## Task statement
The entries below are to be given back exactly, with images excluded.

## Given data
- Opening Delimiter -
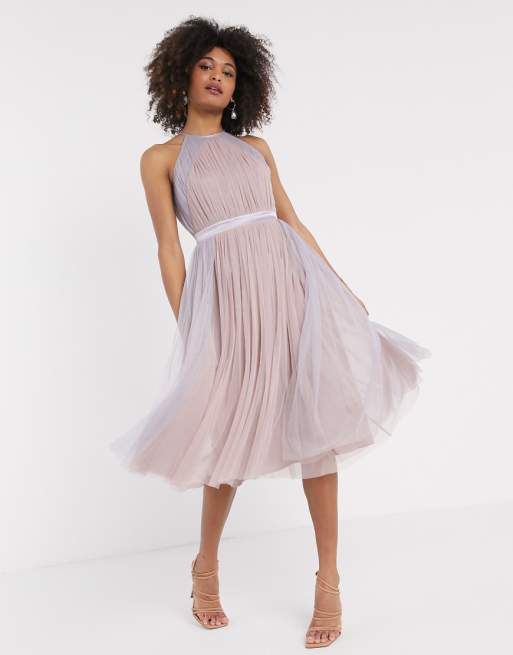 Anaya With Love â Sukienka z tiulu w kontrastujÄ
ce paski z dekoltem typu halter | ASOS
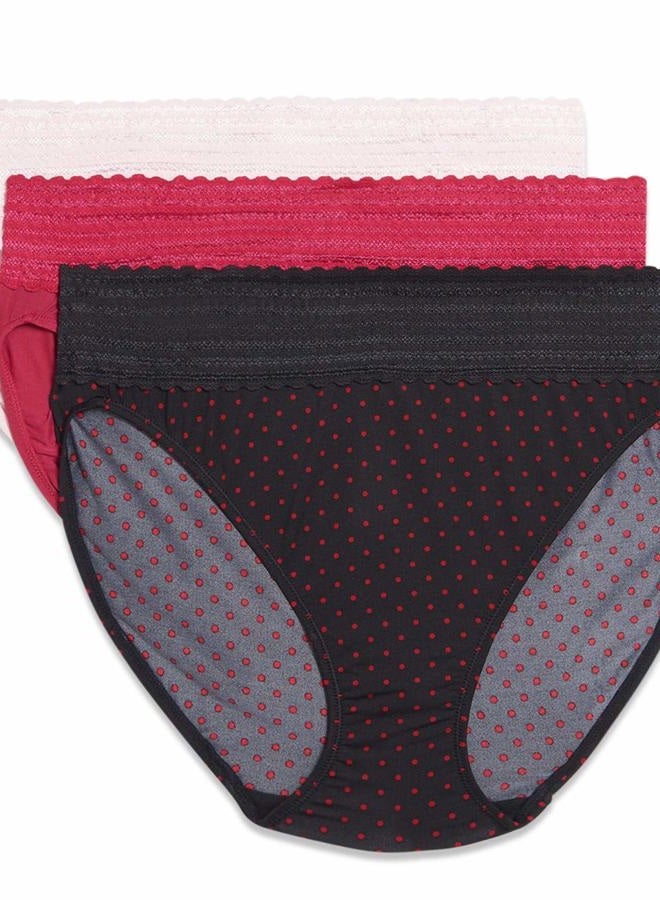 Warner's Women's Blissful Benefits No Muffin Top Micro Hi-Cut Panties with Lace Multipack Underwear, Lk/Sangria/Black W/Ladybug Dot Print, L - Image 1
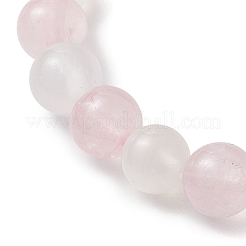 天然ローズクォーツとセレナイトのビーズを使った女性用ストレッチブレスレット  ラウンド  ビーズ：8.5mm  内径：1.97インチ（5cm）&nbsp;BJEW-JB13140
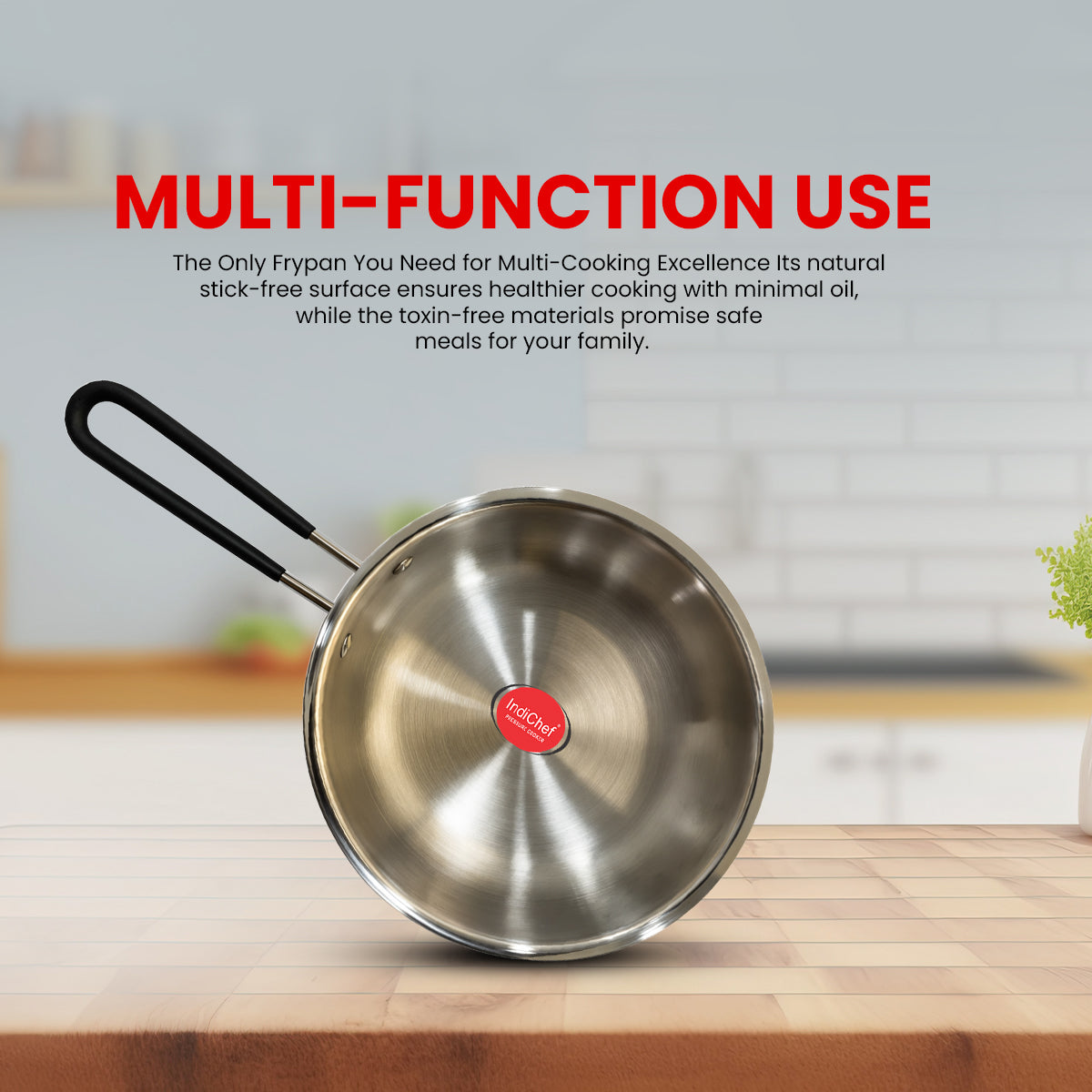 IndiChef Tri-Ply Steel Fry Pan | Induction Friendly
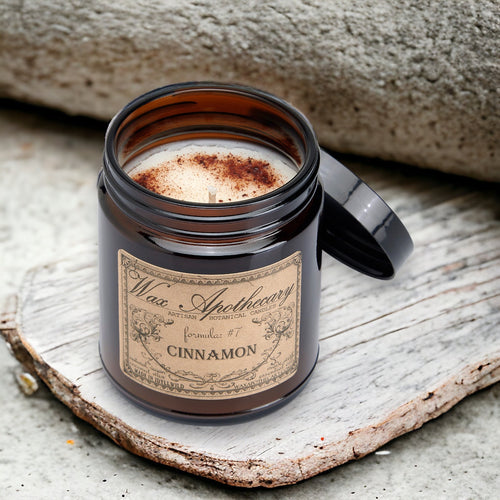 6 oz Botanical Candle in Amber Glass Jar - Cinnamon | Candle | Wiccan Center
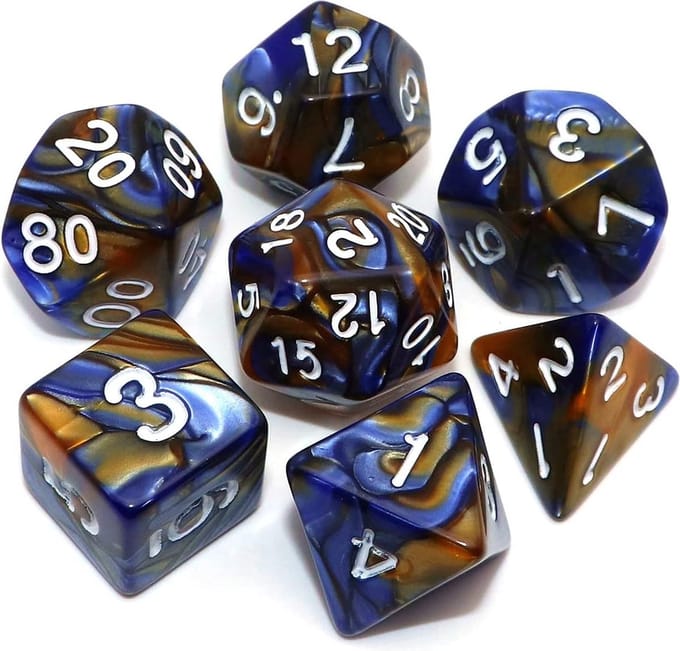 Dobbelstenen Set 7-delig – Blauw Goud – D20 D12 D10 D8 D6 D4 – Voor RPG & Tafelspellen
- Closing Delimiter -
## Result of this task
 Anaya With Love â Sukienka z tiulu w kontrastujÄ
ce paski z dekoltem typu halter | ASOS
 Warner's Women's Blissful Benefits No Muffin Top Micro Hi-Cut Panties with Lace Multipack Underwear, Lk/Sangria/Black W/Ladybug Dot Print, L - Image 1
 天然ローズクォーツとセレナイトのビーズを使った女性用ストレッチブレスレット  ラウンド  ビーズ：8.5mm  内径：1.97インチ（5cm）&nbsp;BJEW-JB13140
 IndiChef Tri-Ply Steel Fry Pan | Induction Friendly
 6 oz Botanical Candle in Amber Glass Jar - Cinnamon | Candle | Wiccan Center
 Dobbelstenen Set 7-delig – Blauw Goud – D20 D12 D10 D8 D6 D4 – Voor RPG & Tafelspellen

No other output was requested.